> _Data listing_:
++++
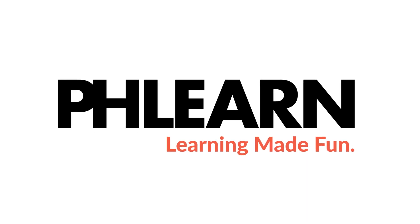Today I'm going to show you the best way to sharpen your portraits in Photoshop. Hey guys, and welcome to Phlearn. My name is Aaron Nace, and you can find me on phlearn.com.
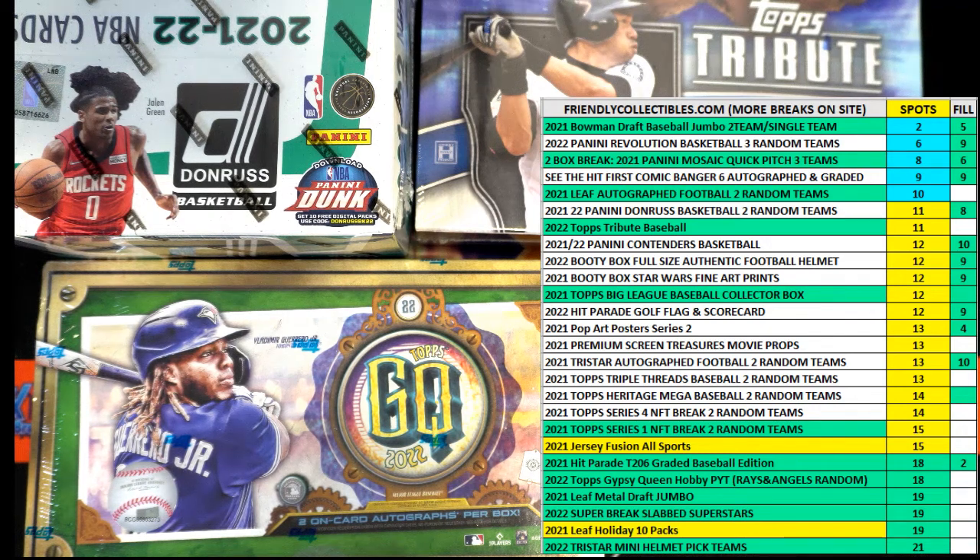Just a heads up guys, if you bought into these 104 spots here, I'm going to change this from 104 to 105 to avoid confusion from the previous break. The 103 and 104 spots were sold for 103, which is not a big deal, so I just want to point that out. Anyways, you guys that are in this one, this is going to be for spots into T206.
++++
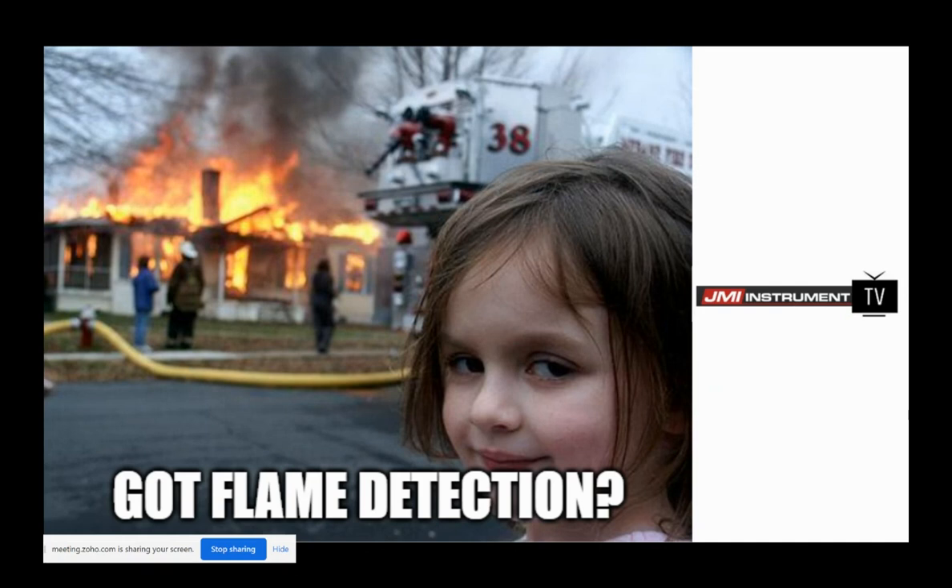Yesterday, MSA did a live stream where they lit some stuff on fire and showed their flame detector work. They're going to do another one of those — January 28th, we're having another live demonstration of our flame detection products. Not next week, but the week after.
++++
Output only the stretch above from the line with "Today I'm going" through the line with "Just a heads", reproduced exactly. Exclude pictures.

Today I'm going to show you the best way to sharpen your portraits in Photoshop. Hey guys, and welcome to Phlearn. My name is Aaron Nace, and you can find me on phlearn.com.
Just a heads up guys, if you bought into these 104 spots here, I'm going to change this from 104 to 105 to avoid confusion from the previous break. The 103 and 104 spots were sold for 103, which is not a big deal, so I just want to point that out. Anyways, you guys that are in this one, this is going to be for spots into T206.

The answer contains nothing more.